Pero el verdadero desafío es que Uruguay necesita construir una estrategia nacional de crecimiento que trascienda los períodos de gobierno y se transforme en una política de Estado. El agro continuará siendo un pilar fundamental, pero difícilmente alcance por sí solo para sostener el desarrollo futuro, sobre todo porque hasta ahora ha primado la producción primaria, con exportación de materia prima pero con muy relativo valor agregado dentro de fronteras, cuando lo tiene. Existen oportunidades en la pesca, en la bioeconomía, en la industria forestal y, sobre todo, en posicionar al país como un hub regional para centros de datos, inteligencia artificial y servicios tecnológicos de alto valor agregado. La estabilidad institucional, la matriz energética renovable y la calidad de vida constituyen ventajas reales que podrían convertirse en activos económicos mucho más relevantes si fueran acompañadas por una estrategia agresiva de promoción internacional.
Otro capítulo merece la política de atracción de residentes fiscales y reales. Uruguay ya ha demostrado que puede captar talento, empresarios e inversores internacionales gracias a su calidad institucional y seguridad jurídica. En un mundo donde el trabajo remoto y la movilidad del capital son cada vez mayores, esa estrategia debería profundizarse como parte de un modelo de desarrollo más amplio.
Naturalmente, avanzar hacia una economía más competitiva también exige revisar los costos estructurales que enfrenta el sector privado. Una presión del gasto público cercana al 30% del producto representa una carga considerable para empresas que ya operan con costos elevados respecto a sus competidores regionales. Sin un sector privado dinámico resulta difícil imaginar un crecimiento robusto.
Otra rémora pasa por discusiones político-ideológicas coyunturales que distraen la atención en un país que necesita concentrarse en desafíos mucho más trascendentes. La agenda de reformas económicas, la mejora de la competitividad y la construcción de nuevos sectores productivos requieren continuidad y acuerdos amplios.
En materia macroeconómica, incluso la política antiinflacionaria merece una consideración distinta a la que ha tenido hasta el presente. Si bien alcanzar y mantener niveles muy bajos de inflación constituye un objetivo deseable, ello conlleva elevados costos fiscales y un consecuente impacto negativo sobre la actividad económica, si se tiene en cuenta que se hace sobre todo a costa de un tipo de cambio planchado, y no a partir de una convergencia más gradual, con cierta estabilidad, pero sacrificando en los hechos crecimiento e inversión.

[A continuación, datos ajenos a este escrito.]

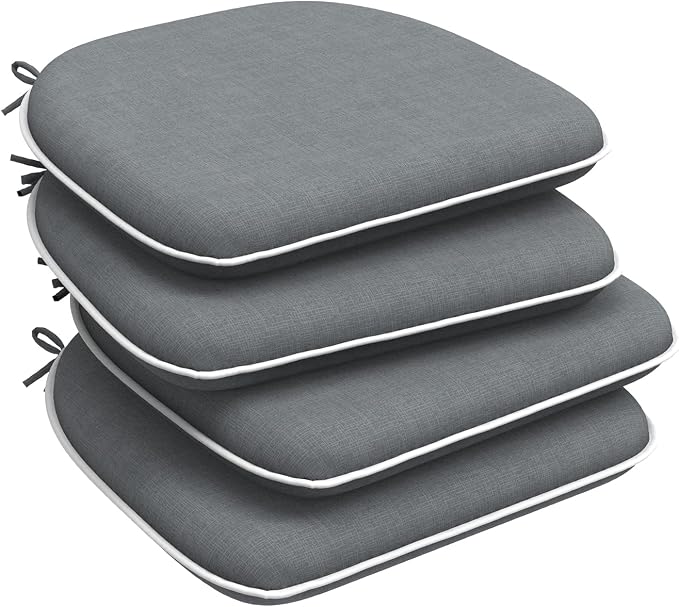 DYTXIII Set of 4 Outdoor Chair Cushions with Ties,Water Repellent Patio Chair Pads 17"x 16" for Outdoor Furniture,Round Corner Seat Cushions for Garden Yard Kitchen Textured Gray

Es impensable, por muchas razones, que en Uruguay se “importe” el modelo paraguayo, ni mucho menos, pero sí es pertinente evaluar por dónde pasan los factores que le han dado la dinámica de crecimiento a que hacíamos referencia, con una lección de base insoslayable: los países que crecen son aquellos que encuentran una propuesta clara para el mundo. Paraguay la encontró en la competitividad productiva. Y Uruguay debería encontrar la suya combinando institucionalidad, innovación, tecnología, energía limpia y calidad de vida, con una visión de largo plazo que resulte en un verdadero proyecto nacional de crecimiento.